Authors’ Involvement:
John Paul Owens worked for five years in Benin on a soybean production project financed by USAID and administered through Catholic Relief Services. The project promoted soybeans production as a nutritional additive to the local food staple. When the project began, soybeans were almost an unknown crop in Benin. The project achieved its success by working with the regional and local extension offices as well as with the women' groups. The extension model involved instruction, field demonstrations and seed distribution. Today soybeans are abundant in Benin and the Songhai Center processes soybean for oil and foods. Mr. Owens has visited the Songhai Center and remains in contact with the Beninese extension agency (Ministry of Agriculture), University of Benin and US Peace Corps Benin.
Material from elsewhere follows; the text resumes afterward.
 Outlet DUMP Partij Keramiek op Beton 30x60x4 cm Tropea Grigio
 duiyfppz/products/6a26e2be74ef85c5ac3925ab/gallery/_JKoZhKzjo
Dr. Michelle Eley can travel to Liberia to tour the Center and speak with Center’s leaders and program participants to understand how the Center is being operated (e.g., institutional capacity, farming methods, techniques, and/or practices being taught, audience being served, benefits & potential problems with the model, research and development activities etc.) and document the similarities and differences between this Center and one in Benin. Dr. Eley has worked extensively with a non-profit organization that has helped to provide quality education for youth in Brewerville and Bopolu (Liberia) for over a century now.

Data and Methods: 
Through literature reviews, published reports, unpublished reports and contact with the Centers, researchers will identify organizational, educational, technical and funding factors that contribute to the success of the Songhai Center. Case studies conducted with Center personnel and trained farmers would be the optimal sources of data. Dr. Eley will conduct the field work in Liberia and Mr. Owens and one graduate student will conduct the field work in Benin. Both will conclude the fieldwork in Benin.

Expected Results: 
The case study review could explain how the Center works as a sustainable agriculture model and the feasibility of using this model in other West African countries. The case study will concentrate on:

- Sustainable agriculture practices including recycling and post harvest practices
- Training models
- Creating viable agricultural enterprises
- Enrollment
- Support for and training of staff
- Funding and revenue sources
- Center expansion plans
- Inclusion of underrepresented groups

Importance to MEAS future efforts:
The Songhai Center was built on premise that not only are technical skills in agriculture are needed, but a cultural change is necessary as well. The Songhai Center operations can be divided into three key areas: agricultural and entrepreneurial training; production units and research and development into sustainable agricultural practices. For MEAS project, it is important for the team to understand how the model is being implemented and where the divisions overlap. The Songhai Center has the potential to serve as a training program model for West Africa and other parts of the world. Focusing on Liberia is important because after a long and debilitating civil war, the country has become very dependent on donor support. Establishment of the Songhai Center in Bensonville would give them an opportunity to provide vocational/entrepreneurship training for their people and better utilize the opportunities that are available to them. This case study will allow us to understand what aspects of their program structure are transferrable in different contexts and what lessons they have learned using this approach, notably in the field of agricultural education and how the adoption of this model can be financially sustained over time.